How employees qualify for the rewards, avoid the penalties and how much money that involves is changing as well, experts said, due in large part to wellness incentive rules under the federal health care reform law that were implemented in 2013.

Under those rules, the federal government raised the dollar limit on financial incentives linked to smoking-cessation programs to 50% of the total value of an employee's health insurance benefits.

Since then, a small but growing number of employers have rewarded or penalized employees based on actual tobacco use, rather than participating in or completing a quit-smoking program, according to the NBGH/Fidelity study. However, experts said most employers have stopped short of testing participants for nicotine, or its byproduct cotinine, and rely self-reporting by employees to verify incentive eligibility.
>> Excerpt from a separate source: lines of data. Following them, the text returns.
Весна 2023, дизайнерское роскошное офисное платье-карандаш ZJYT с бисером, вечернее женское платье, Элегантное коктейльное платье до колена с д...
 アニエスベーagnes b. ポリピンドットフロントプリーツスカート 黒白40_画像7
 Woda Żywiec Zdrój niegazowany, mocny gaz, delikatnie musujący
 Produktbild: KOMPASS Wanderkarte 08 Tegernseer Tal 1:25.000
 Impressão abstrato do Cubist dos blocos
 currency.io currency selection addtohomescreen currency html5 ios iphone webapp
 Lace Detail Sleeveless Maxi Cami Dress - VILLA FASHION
For employers that do test employees, the EEOC earlier this year proposed limiting financial incentives linked to smoking-cessation programs to 30% of the total value of an employee's health insurance. But, according to the NBGH/Fidelity survey, only 6% of employers do such testing.

“For the most part, what we're seeing is that the honor system is still very common,” Mr. Serxner said. “Many employers feel like it's really not worth the ill will to go tracking people down and acting like the smoking police. Yes, there are probably going to be a few people that cheat the system, but I think at some point it usually catches up to them.”

Employers also are making it harder for employees to smoke during the workday.

In particular, 61% of large and midsize employers in Optum's 2015 Wellness in the Workplace Study have implemented campuswide smoking bans, which experts said typically reduce tobacco use among employees more immediately and permanently than cessation programs alone.

“I'd say that's where we see the greatest gains in terms of smoking reduction, where companies are able to go tobacco-free on their campuses,” said LuAnn Heinen, vice president of the Washington-based National Business Group on Health.

“Not every company can do that, for a variety of reasons, but it really does move the needle,” Ms. Heinen said.